## DIRECTIONS
Please set down each line of the data again, unchanged.

## GIVEN RECORDS

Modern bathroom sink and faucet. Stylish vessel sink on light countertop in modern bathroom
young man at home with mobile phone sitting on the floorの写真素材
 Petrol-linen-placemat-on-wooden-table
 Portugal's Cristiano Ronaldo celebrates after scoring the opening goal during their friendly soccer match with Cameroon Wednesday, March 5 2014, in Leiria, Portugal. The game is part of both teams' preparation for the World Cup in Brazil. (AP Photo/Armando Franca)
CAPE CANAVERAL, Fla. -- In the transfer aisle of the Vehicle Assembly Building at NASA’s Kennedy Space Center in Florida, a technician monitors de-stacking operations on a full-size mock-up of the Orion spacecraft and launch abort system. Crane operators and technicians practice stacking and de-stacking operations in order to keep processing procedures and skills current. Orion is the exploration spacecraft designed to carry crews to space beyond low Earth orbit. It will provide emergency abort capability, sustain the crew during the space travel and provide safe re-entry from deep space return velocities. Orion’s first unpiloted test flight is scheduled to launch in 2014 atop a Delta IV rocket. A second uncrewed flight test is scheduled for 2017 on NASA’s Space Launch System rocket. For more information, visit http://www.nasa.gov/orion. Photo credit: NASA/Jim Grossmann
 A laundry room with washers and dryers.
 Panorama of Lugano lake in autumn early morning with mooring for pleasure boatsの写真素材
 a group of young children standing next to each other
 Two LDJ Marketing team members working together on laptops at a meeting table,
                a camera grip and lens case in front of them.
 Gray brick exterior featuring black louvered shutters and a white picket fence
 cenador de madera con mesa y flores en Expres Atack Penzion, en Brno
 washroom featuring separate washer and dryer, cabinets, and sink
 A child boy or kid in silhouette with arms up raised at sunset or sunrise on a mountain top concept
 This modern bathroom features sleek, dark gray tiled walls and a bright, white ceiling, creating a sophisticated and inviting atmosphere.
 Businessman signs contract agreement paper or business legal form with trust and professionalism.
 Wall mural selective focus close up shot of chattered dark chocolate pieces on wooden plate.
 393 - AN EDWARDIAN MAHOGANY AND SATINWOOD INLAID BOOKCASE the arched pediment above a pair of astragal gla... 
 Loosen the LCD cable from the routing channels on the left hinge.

## THE COMPLETED TASK
Modern bathroom sink and faucet. Stylish vessel sink on light countertop in modern bathroom
young man at home with mobile phone sitting on the floorの写真素材
 Petrol-linen-placemat-on-wooden-table
 Portugal's Cristiano Ronaldo celebrates after scoring the opening goal during their friendly soccer match with Cameroon Wednesday, March 5 2014, in Leiria, Portugal. The game is part of both teams' preparation for the World Cup in Brazil. (AP Photo/Armando Franca)
CAPE CANAVERAL, Fla. -- In the transfer aisle of the Vehicle Assembly Building at NASA’s Kennedy Space Center in Florida, a technician monitors de-stacking operations on a full-size mock-up of the Orion spacecraft and launch abort system. Crane operators and technicians practice stacking and de-stacking operations in order to keep processing procedures and skills current. Orion is the exploration spacecraft designed to carry crews to space beyond low Earth orbit. It will provide emergency abort capability, sustain the crew during the space travel and provide safe re-entry from deep space return velocities. Orion’s first unpiloted test flight is scheduled to launch in 2014 atop a Delta IV rocket. A second uncrewed flight test is scheduled for 2017 on NASA’s Space Launch System rocket. For more information, visit http://www.nasa.gov/orion. Photo credit: NASA/Jim Grossmann
 A laundry room with washers and dryers.
 Panorama of Lugano lake in autumn early morning with mooring for pleasure boatsの写真素材
 a group of young children standing next to each other
 Two LDJ Marketing team members working together on laptops at a meeting table,
                a camera grip and lens case in front of them.
 Gray brick exterior featuring black louvered shutters and a white picket fence
 cenador de madera con mesa y flores en Expres Atack Penzion, en Brno
 washroom featuring separate washer and dryer, cabinets, and sink
 A child boy or kid in silhouette with arms up raised at sunset or sunrise on a mountain top concept
 This modern bathroom features sleek, dark gray tiled walls and a bright, white ceiling, creating a sophisticated and inviting atmosphere.
 Businessman signs contract agreement paper or business legal form with trust and professionalism.
 Wall mural selective focus close up shot of chattered dark chocolate pieces on wooden plate.
 393 - AN EDWARDIAN MAHOGANY AND SATINWOOD INLAID BOOKCASE the arched pediment above a pair of astragal gla... 
 Loosen the LCD cable from the routing channels on the left hinge.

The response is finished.